Meet The Women Who Pioneered The Film Industry

posted in: All News | 0

In 1895, a 22-year-old secretary at a French camera company rises through the ranks to become the first female director in history. It sounds like a fun pitch for an alternate reality story, but it actually happened.

Her name was Alice Guy-Blaché, and she was a leading innovator in the earliest days of film. In fact, she was a part of the industry even before what is conventionally marked as the dawn of cinema: the Lumière brothers’ first public film screening in December 1895 in Paris. Guy-Blaché had attended an earlier private demonstration of their pioneering projection technology and thought their documentary-style footage barely scratched the surface of what the new medium could do. So, she asked her boss Léon Gaumont for permission to make her own film. The result is 1896’s La Fée aux Choux, a short fairy tale that was not only the first film directed by a woman, but probably the first narrative film ever made. It was the start of a briefly thriving era for women filmmakers that shaped Hollywood as we know it today – so why, a century later, is it hardly remembered?

Though Guy-Blaché spent the next two decades directing over 1,000 increasingly sophisticated films and became one of the first women to run her own studio when she co-founded The Solax Company in 1910, she was essentially forced into retirement by 1922, a full 66 years before her death. As detailed in Pamela B. Green’s compelling 2019 documentary Be Natural: The Untold Story of Alice Guy-BlachéGuy-Blaché spent much of her later years writing letters to historians to try to correct her inexplicable absence from the history books. Perhaps unsurprisingly, these efforts went largely ignored, and her work wasn’t rediscovered until the 1970s, when feminist film scholars like Sharon Smith and Gerald Peary began to question the assumption that the film industry had always been run by men.

Another 20 years later, film historians realized women hadn’t just been the exception to the rule in the silent film era — they were a key part of it. Created by film scholar Jane Gaines in 1993, Columbia University’s Women Film Pioneers Project (WFPP) is now an online database dedicated to documenting the contributions women made to the silent film era beyond acting.
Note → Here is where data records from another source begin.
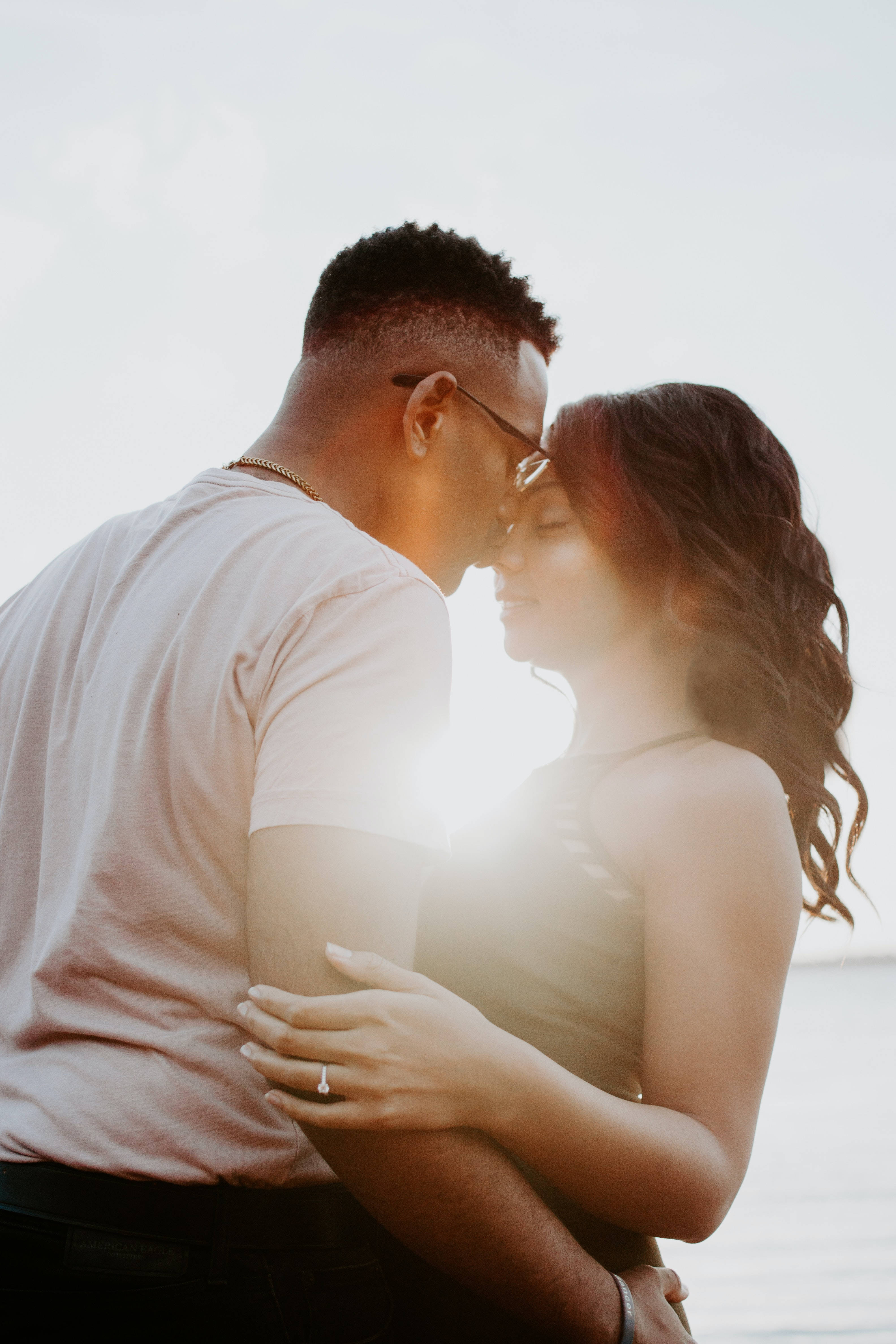 romantic kiss 桌布 壁紙 — 一對情侶溫柔地擁抱，金色的陽光在他們之間閃耀，映襯著柔和的天空。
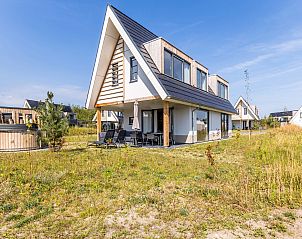 Stijlvolle zithoek in vakantiehuis 10-persoonsbungalow 10EL, Someren, Noord Brabant.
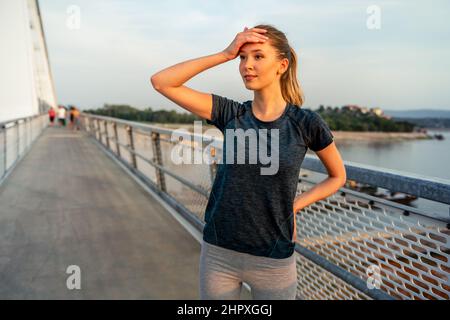 YYoung souriante femme en forme se reposant après un entraînement actif de fitness en plein air dans la ville Banque D'Images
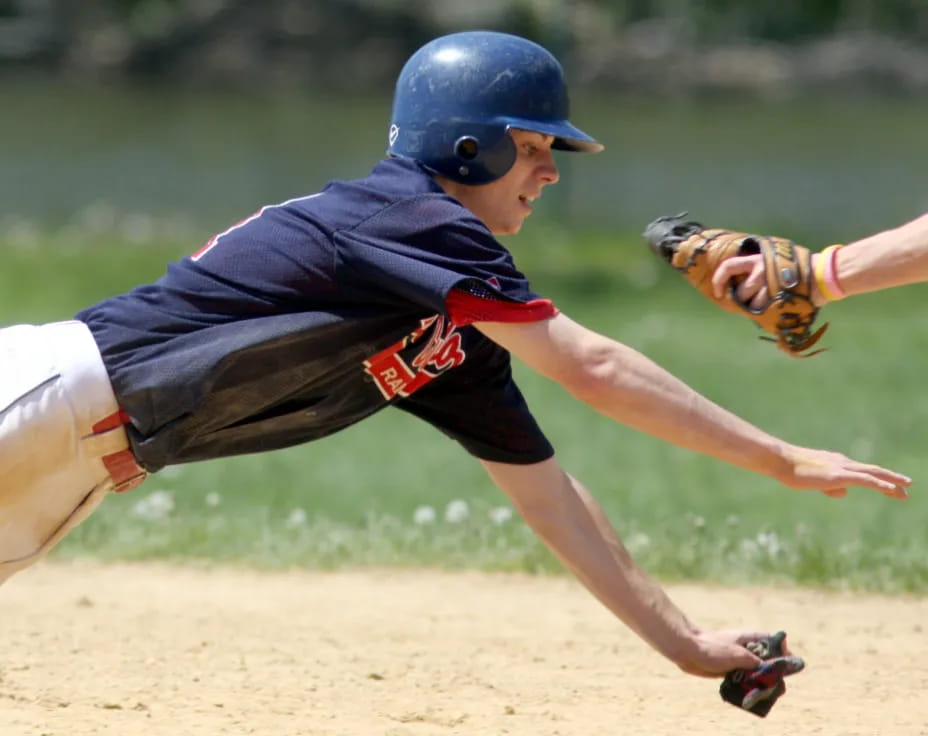a baseball player sliding into the base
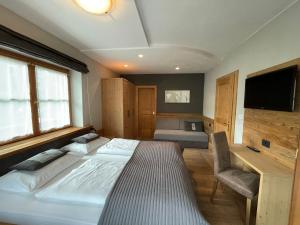 韦尔图尔诺莫亚里霍夫酒店的一间卧室配有一张床、一张书桌和一台电视
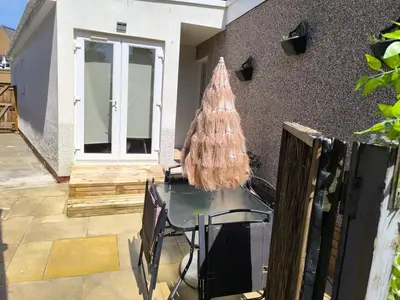 a glass table with a christmas tree on a patio at Modern Oasis , Edinburgh Airport near,8mi in Rosyth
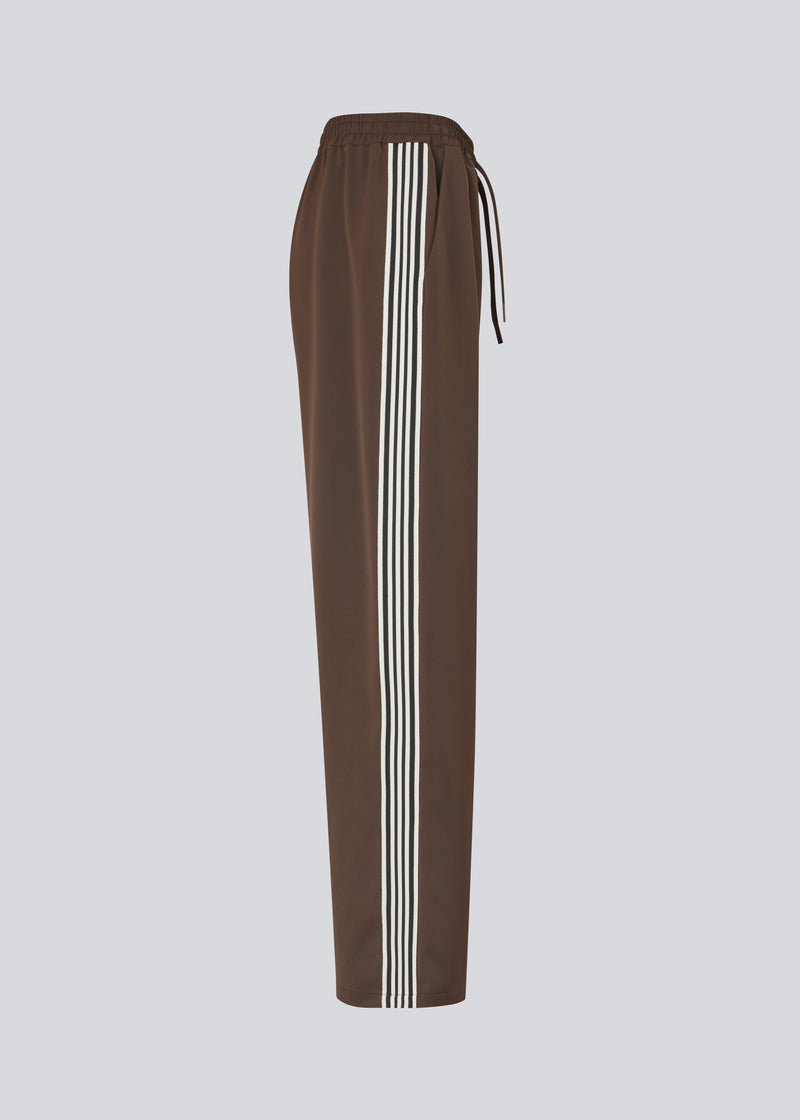 Loose brown trousers with wide legs and a relaxed fit. Featuring an elastic waistband with drawstring for a comfortable, adjustable waist. White side stripes add a sporty and modern touch to the otherwise classic design. Perfect for casual everyday wear or more elevated styling – easy to pair with everything from t-shirts to dressy tops.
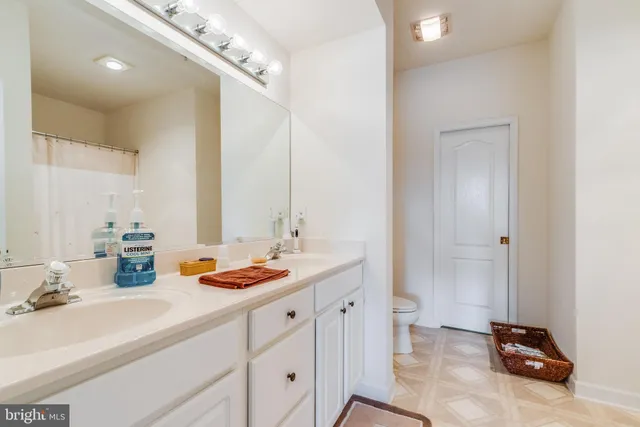 a view of a lake with a city from a terrace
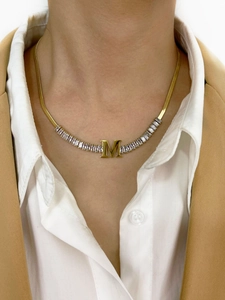 Detail of 18K gold letter M necklace with zircons and sleek flat snake chain on a model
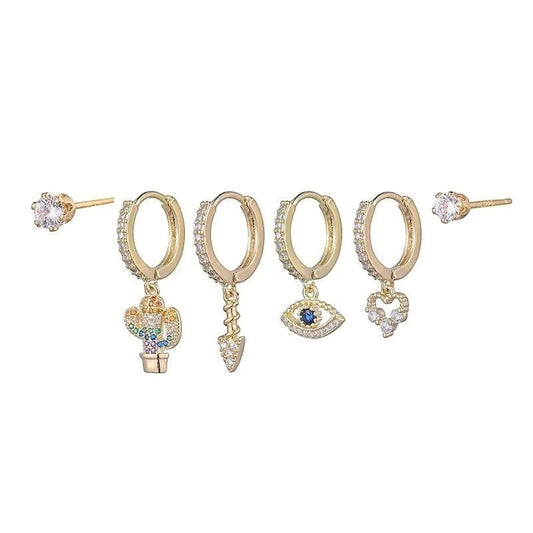 Een set van vijf gouden hoepeloorbellen met verschillende gekleurde stenen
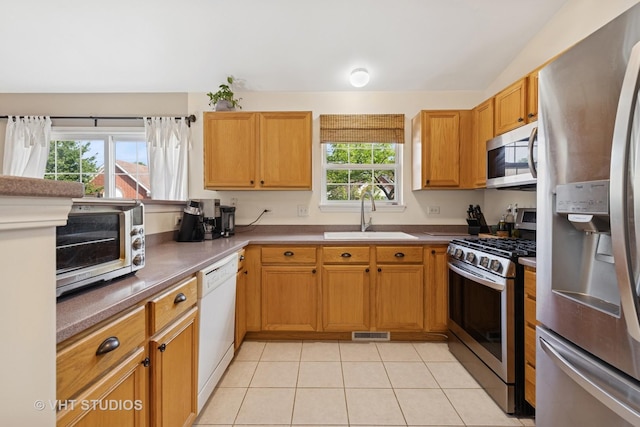1007 Enfield Dr Unit 1007, Northbrook, IL 60062 - kitchen featuring appliances with stainless steel finishes and light tile patterned floors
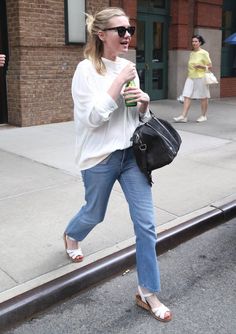 a woman is walking down the street with her handbag and coffee in her other hand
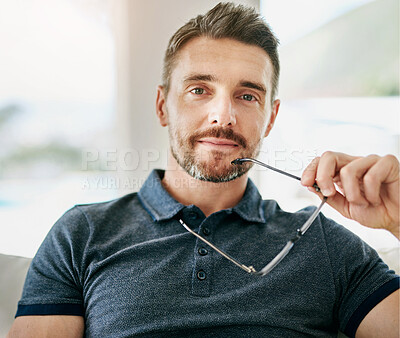 Buy stock photo Portrait, thinking and vision with mature man on sofa in living room of home for contemplation. Face, future and glasses with confident person in apartment for planning or thoughtful mindset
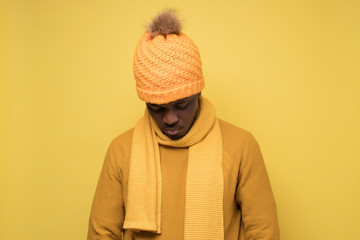 African young man in warm hat and scarf looking down being upset.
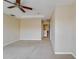 Spacious bedroom featuring plush carpet, neutral walls, and a ceiling fan at 5033 Blue Runner Ct, New Port Richey, FL 34652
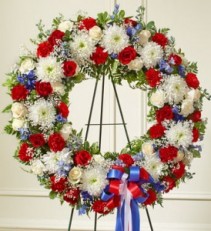 Serene Blessings Red, White & Blue Standing Wreath sympathy flowers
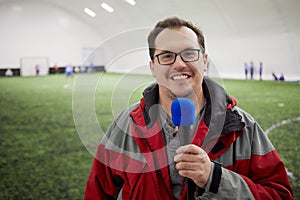 Smiling reporter with microphone on covered sports photo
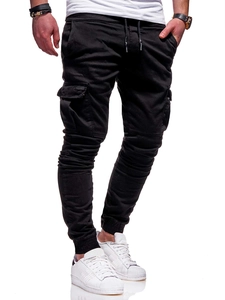 Detail view of men's black joggers featuring elastic waistband with drawstring and cargo pockets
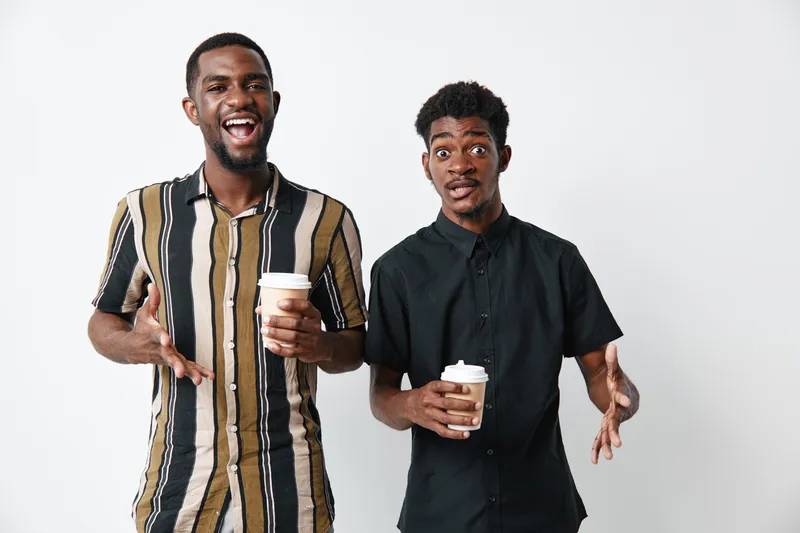 Two young black men with dark skin holding coffee cups and gesturing while standing against white background. Casual clothing and friendly expressions in studio setting.
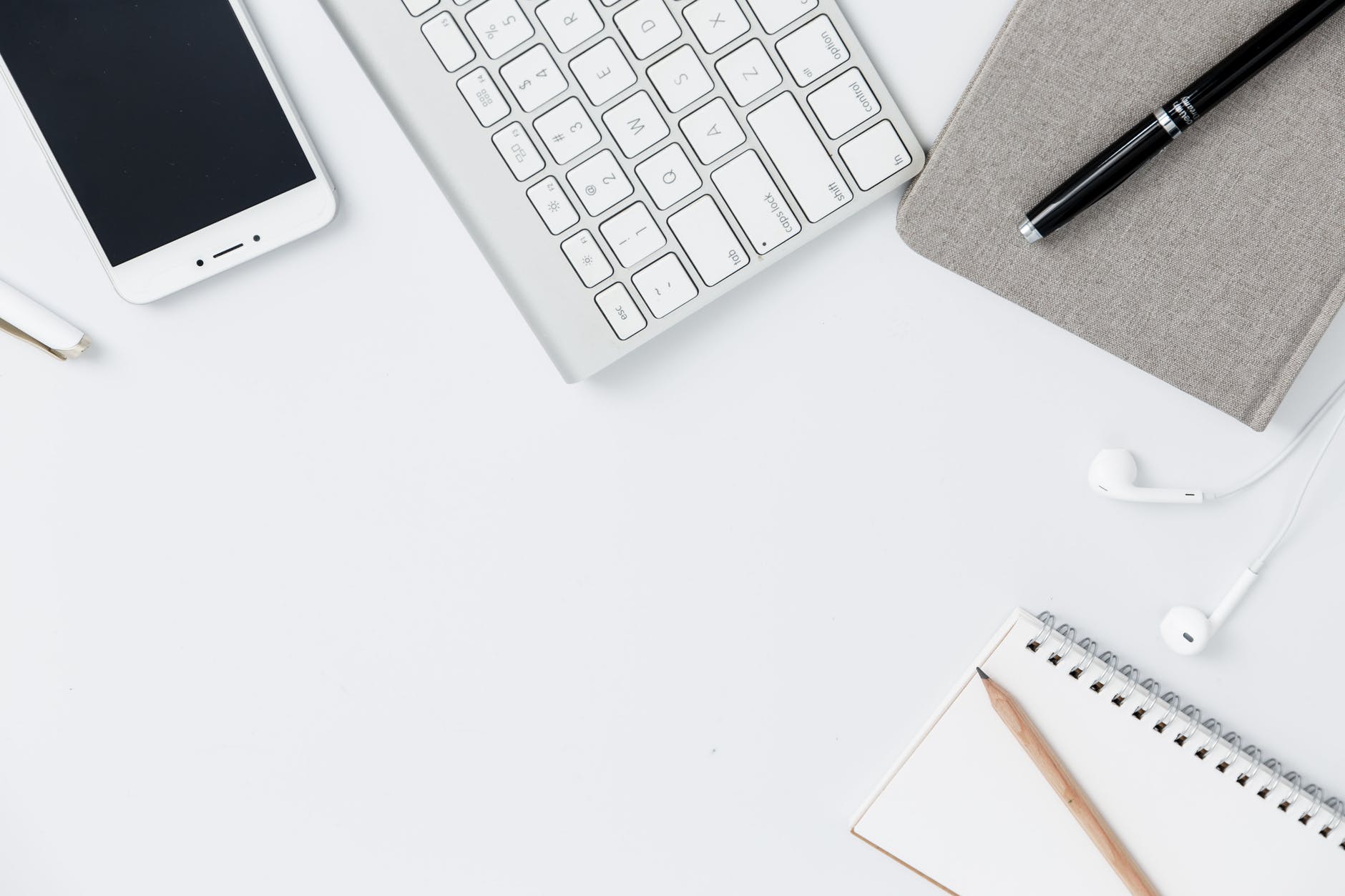 picture of office materials, keyboard, pencil, notebook and smartphone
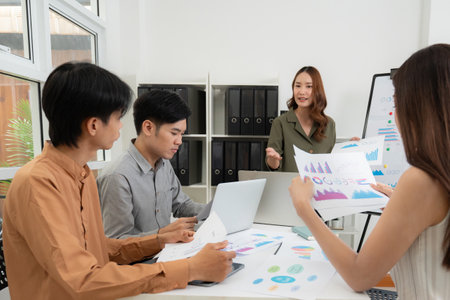 Group asian business team meeting in office about report marketing and finance with presenting charts and graph while colleagues discuss report and strategy, teamwork planning and analysis.の写真素材
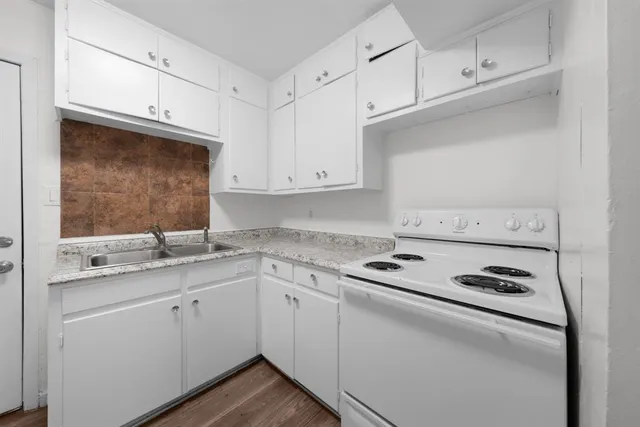 a kitchen with appliances cabinets and a sink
Today, the database has over 280 profiles of women who worked across six continents in roles ranging from accountants and agents to screenwriters, editors, producers, art directors, camera operators, casting directors, composers, cinematographers, costume designers, and even animal trainers and stunt performers. There are 117 profiles of female directors alone.

Among them are Esther Eng, an openly gay Cantonese–American director who made Chinese-language films in both the United States and Hong Kong during the 1930s and ’40s, and Nell Shipman, a Canadian director who shot animal-filled adventure films on location in the 1910s and ’20s. It was common for women to own or co-own independent production studios in the silent era, and there were also a huge number of powerful women screenwriters, including Anita Loos, June Mathis, and Frances Marion, who regularly hosted “hen parties” that doubled as networking events for women in Hollywood.